True, but ad space never was the scarce resource. There is lots of open space for billboards in Montana. But no one is there to read it. The scarce commodity is people’s attention. And, there are still 24 hours in a day. As people spend more time online, they are spending less time doing other things, like reading the newspaper. Websites and blogs that capture people’s attention will always be able to make money if they can divert some of that attention to a third-party. Radio personalities have become experts at this. Bloggers can and will do the same.
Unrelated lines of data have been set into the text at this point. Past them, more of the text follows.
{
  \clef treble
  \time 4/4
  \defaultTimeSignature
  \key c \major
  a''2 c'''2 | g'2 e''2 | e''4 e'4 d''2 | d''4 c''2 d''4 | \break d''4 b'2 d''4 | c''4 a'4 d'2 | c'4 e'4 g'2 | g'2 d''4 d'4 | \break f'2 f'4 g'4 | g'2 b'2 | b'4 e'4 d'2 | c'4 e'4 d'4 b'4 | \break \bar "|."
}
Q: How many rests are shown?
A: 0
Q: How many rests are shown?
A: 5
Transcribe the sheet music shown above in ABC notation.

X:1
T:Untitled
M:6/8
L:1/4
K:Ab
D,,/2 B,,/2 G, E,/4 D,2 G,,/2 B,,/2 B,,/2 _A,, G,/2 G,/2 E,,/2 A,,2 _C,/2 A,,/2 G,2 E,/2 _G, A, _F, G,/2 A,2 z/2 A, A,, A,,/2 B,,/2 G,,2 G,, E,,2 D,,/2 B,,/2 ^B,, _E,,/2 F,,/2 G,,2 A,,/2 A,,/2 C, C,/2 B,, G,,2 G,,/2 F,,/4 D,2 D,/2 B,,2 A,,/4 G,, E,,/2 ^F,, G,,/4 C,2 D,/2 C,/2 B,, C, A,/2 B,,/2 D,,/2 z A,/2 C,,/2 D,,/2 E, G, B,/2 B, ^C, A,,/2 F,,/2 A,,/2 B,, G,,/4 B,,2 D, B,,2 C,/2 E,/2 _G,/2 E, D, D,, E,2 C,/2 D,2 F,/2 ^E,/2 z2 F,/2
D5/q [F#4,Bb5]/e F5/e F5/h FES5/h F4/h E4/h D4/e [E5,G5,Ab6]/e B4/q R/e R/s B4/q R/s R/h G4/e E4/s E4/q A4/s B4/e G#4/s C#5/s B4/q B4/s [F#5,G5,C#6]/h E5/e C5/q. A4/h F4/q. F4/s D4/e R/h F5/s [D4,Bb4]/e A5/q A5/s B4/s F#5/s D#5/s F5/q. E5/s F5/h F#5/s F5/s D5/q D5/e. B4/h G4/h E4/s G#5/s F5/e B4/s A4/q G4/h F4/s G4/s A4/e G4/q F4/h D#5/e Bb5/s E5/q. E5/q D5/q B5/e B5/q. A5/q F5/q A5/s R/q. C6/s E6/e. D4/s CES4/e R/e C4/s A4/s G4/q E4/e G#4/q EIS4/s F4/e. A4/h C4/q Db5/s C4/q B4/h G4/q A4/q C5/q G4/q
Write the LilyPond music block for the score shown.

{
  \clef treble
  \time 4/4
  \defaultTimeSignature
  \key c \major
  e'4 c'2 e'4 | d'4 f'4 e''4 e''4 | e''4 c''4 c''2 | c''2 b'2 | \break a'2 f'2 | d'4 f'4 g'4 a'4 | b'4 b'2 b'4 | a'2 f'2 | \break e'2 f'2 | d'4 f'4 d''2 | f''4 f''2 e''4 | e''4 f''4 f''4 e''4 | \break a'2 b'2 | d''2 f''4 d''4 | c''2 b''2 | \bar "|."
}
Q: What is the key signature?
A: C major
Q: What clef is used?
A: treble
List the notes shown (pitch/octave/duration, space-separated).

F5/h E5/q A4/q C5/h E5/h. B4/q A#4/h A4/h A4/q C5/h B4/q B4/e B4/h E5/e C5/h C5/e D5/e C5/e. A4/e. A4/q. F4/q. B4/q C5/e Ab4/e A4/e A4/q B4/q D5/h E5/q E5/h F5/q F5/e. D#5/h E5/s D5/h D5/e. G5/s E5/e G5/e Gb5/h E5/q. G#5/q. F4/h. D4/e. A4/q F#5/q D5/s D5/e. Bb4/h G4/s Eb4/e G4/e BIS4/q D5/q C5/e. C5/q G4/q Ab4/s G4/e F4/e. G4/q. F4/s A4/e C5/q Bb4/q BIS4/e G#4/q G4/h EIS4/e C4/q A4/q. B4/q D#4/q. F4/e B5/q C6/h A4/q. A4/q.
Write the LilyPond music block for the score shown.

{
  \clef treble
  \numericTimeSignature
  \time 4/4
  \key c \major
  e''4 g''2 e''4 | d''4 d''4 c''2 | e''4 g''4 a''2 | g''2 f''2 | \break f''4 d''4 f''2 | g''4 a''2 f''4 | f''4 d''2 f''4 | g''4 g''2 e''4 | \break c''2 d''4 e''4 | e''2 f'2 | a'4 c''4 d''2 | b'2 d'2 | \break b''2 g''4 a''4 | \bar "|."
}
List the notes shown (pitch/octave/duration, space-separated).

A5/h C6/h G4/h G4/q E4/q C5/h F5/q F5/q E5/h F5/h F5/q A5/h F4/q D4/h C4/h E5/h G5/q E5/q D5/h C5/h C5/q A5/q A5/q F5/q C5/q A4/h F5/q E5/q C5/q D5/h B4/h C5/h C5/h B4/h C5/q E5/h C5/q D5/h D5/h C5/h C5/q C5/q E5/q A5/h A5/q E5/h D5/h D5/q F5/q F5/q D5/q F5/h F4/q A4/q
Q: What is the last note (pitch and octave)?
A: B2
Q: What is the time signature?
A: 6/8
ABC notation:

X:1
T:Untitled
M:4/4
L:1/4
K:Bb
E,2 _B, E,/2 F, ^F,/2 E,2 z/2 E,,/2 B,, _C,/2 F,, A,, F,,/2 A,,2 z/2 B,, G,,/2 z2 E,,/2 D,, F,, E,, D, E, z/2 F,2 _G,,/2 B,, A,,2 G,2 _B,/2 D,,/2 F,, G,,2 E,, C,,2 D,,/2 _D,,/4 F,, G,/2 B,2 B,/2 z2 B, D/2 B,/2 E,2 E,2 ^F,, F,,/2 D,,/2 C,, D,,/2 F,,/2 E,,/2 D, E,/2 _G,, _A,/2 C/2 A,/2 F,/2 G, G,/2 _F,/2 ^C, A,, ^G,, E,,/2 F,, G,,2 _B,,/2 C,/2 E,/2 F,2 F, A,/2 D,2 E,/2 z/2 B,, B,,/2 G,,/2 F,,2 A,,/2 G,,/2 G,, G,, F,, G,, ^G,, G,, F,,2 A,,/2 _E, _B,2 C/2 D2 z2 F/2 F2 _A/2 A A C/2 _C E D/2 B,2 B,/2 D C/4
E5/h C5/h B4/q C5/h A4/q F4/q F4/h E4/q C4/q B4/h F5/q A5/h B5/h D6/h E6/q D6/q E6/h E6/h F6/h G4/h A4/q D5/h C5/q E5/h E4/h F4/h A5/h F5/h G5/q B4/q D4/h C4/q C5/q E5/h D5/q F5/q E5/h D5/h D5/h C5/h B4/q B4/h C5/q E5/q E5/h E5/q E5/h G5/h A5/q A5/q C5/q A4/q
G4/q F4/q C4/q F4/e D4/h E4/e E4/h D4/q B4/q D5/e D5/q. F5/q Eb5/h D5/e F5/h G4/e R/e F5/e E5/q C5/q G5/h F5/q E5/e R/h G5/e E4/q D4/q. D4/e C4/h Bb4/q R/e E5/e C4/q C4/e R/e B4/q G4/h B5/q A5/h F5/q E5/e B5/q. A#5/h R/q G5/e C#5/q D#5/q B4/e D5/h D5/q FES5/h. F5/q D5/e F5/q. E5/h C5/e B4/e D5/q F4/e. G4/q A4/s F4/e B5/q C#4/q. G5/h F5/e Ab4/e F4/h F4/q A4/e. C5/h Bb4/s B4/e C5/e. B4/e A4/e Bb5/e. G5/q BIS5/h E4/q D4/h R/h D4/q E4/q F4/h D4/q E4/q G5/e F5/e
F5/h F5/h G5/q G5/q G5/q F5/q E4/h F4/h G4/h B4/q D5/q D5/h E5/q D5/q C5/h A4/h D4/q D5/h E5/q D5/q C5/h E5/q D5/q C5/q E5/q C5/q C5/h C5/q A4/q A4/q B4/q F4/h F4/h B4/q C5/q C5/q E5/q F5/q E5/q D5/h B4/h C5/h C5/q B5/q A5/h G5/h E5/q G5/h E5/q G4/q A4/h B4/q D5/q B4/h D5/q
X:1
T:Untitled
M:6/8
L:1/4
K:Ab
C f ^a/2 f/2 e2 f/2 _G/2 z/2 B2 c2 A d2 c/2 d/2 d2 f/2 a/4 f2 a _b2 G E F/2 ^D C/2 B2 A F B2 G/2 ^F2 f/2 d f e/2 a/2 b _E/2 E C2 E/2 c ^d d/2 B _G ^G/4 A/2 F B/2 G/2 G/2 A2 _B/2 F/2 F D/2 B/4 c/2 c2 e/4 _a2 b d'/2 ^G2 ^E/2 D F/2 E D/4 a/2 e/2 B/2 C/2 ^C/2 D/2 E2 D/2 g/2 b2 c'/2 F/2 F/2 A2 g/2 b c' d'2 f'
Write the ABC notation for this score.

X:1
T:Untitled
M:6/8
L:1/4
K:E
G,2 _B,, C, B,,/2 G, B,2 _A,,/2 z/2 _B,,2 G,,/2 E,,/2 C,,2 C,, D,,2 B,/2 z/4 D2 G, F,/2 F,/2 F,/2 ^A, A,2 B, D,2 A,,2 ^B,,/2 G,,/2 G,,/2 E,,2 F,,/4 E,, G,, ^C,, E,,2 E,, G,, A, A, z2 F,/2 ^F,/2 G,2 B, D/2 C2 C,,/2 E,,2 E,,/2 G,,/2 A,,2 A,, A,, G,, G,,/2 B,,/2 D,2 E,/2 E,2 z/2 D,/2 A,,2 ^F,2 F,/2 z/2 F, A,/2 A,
From the demand side of things, advertising is more than just conveying information. I’m not a marketer, but it’s clear that brands are valuable because they illicit emotions in their consumers. Advertisers are getting better at using the internet to connect with users and create a brand image. For example, how couldn’t you like Burger King’s “Whopper Sacrifice” promotion? They gave customers a free Whopper if they dropped 10 Facebook friends? (Friends were messaged that their friendship wasn’t worth 1/10 of a Whopper). And doesn’t this website make you want to chew Stride gum?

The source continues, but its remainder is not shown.